Creates a context object that manages the computational state for text generation. The context maintains the conversation history and manages memory efficiently for processing input tokens and generating responses. Each model can have multiple contexts with different settings.
Arguments
- model
A model object returned by
model_load- n_ctx
Maximum context length in tokens (default: 2048). This determines how many tokens of conversation history can be maintained. Larger values require more memory but allow for longer conversations. Must not exceed the model's maximum context length
- n_threads
Number of CPU threads for inference (default: 4). Set to the number of available CPU cores for optimal performance. Only affects CPU computation
- n_seq_max
Maximum number of parallel sequences (default: 1). Used for batch processing multiple conversations simultaneously. Higher values require more memory
- verbosity
Control backend logging during context creation (default: 1L). Larger values print more information:
0emits only errors,1includes warnings,2adds informational logs, and3enables the most verbose debug output.
Value
A context object (external pointer) used for text generation with generate
Examples
if (FALSE) { # \dontrun{
# Load model and create basic context
model <- model_load("path/to/model.gguf")

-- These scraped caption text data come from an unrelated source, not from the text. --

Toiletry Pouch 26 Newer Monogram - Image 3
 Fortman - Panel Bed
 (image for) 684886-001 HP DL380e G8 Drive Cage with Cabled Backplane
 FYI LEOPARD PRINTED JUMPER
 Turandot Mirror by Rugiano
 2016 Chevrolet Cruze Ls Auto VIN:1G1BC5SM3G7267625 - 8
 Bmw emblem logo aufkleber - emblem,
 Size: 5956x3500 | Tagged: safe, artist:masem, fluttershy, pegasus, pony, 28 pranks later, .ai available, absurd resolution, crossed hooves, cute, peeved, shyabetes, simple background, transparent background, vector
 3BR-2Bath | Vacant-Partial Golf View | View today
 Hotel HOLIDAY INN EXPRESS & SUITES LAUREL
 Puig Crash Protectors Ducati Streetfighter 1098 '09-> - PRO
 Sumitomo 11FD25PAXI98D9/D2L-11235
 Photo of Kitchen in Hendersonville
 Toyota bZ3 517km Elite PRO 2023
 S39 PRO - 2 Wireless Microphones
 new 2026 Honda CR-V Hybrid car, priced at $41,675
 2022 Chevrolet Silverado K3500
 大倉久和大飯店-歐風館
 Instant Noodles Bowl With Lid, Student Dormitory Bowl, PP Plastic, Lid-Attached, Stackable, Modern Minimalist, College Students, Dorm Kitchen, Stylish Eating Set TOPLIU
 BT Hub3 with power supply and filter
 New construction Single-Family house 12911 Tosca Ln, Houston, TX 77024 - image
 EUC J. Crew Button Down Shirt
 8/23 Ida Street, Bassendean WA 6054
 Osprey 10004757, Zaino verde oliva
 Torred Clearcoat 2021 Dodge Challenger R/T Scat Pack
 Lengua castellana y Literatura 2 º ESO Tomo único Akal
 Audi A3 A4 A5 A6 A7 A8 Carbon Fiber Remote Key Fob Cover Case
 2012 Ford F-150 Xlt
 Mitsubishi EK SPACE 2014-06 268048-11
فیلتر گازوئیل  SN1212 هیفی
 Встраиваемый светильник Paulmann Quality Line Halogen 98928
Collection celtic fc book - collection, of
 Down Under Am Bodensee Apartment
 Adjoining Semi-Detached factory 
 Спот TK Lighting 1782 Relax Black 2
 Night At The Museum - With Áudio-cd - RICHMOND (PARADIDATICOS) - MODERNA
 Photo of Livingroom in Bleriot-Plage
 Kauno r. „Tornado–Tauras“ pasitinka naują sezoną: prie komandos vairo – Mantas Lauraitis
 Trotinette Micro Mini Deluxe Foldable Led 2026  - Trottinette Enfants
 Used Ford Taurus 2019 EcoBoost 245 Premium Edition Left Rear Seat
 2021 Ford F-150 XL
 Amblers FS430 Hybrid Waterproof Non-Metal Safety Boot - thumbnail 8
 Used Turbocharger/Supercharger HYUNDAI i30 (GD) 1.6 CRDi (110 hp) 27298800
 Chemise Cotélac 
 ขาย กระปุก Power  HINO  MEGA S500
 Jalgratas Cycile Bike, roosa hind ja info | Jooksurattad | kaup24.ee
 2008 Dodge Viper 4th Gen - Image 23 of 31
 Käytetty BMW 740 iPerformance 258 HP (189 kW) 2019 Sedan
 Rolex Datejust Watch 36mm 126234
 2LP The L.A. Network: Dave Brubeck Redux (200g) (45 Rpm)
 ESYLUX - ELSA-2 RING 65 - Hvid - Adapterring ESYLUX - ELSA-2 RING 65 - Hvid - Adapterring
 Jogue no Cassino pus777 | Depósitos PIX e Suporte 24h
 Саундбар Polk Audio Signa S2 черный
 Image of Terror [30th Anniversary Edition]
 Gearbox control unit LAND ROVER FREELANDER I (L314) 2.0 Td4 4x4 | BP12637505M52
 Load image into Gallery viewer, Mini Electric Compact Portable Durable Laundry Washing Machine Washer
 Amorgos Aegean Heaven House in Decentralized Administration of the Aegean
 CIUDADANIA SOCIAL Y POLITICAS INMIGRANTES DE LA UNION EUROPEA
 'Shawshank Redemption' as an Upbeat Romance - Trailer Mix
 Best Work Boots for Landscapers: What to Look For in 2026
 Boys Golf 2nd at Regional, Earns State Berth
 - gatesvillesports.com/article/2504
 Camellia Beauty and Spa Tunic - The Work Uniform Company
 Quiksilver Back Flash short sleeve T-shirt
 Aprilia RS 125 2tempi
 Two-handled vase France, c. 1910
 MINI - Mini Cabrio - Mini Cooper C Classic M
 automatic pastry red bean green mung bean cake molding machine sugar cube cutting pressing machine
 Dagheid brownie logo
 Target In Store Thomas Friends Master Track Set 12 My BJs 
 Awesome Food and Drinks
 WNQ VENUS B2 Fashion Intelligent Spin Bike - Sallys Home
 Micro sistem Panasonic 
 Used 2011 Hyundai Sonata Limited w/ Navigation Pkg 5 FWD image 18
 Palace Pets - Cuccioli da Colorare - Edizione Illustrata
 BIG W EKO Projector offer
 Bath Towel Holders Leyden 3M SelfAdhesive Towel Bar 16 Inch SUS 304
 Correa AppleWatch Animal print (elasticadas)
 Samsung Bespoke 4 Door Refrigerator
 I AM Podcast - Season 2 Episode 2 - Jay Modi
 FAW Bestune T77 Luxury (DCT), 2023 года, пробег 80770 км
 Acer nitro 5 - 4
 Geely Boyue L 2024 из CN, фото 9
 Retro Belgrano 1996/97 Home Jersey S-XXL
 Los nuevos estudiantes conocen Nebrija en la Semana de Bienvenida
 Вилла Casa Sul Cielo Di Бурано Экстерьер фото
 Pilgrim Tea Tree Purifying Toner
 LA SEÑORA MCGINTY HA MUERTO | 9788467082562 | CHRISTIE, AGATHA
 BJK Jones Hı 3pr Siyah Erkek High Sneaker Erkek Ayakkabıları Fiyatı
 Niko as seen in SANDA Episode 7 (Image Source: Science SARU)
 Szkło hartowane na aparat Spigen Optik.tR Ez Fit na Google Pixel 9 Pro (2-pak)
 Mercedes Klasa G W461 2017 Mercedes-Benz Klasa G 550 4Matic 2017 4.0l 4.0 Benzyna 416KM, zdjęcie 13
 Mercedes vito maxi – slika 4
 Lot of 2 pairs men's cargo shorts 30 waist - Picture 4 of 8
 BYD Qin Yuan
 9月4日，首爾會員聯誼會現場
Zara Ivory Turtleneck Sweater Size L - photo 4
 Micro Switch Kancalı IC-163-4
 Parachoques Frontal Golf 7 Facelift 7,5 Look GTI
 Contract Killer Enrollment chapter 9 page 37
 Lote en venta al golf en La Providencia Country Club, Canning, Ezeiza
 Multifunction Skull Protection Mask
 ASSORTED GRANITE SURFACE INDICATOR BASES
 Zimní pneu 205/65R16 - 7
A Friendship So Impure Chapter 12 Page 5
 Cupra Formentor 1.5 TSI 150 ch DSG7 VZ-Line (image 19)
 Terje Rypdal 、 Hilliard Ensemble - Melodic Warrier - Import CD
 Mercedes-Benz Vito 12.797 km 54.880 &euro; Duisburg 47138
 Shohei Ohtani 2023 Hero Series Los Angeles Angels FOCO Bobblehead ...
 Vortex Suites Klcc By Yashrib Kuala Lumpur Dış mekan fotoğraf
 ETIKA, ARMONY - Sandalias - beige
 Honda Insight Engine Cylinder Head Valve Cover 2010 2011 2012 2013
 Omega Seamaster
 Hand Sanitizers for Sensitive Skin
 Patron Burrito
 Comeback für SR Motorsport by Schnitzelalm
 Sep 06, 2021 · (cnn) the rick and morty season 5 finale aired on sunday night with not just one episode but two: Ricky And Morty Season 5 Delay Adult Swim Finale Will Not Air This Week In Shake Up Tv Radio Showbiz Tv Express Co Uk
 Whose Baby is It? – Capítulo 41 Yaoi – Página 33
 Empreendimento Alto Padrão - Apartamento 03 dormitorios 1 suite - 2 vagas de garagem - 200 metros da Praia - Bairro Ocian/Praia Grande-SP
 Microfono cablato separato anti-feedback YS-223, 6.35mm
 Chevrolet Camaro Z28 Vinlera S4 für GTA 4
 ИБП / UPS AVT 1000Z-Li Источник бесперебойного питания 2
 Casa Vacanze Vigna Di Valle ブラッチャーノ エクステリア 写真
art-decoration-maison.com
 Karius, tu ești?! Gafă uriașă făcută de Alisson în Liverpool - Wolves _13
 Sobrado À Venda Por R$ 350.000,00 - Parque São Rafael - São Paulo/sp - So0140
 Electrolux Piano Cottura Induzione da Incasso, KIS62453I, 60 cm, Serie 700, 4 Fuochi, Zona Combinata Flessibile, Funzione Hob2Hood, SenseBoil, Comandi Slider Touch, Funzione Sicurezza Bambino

ctx <- context_create(model)
# Create context with larger buffer for long conversations
long_ctx <- context_create(model, n_ctx = 4096)
# High-performance context with more threads
fast_ctx <- context_create(model, n_ctx = 2048, n_threads = 8)
# Context for batch processing multiple conversations
batch_ctx <- context_create(model, n_ctx = 2048, n_seq_max = 4)
# Create context with minimal verbosity (quiet mode)
quiet_ctx <- context_create(model, verbosity = 2L)
} # }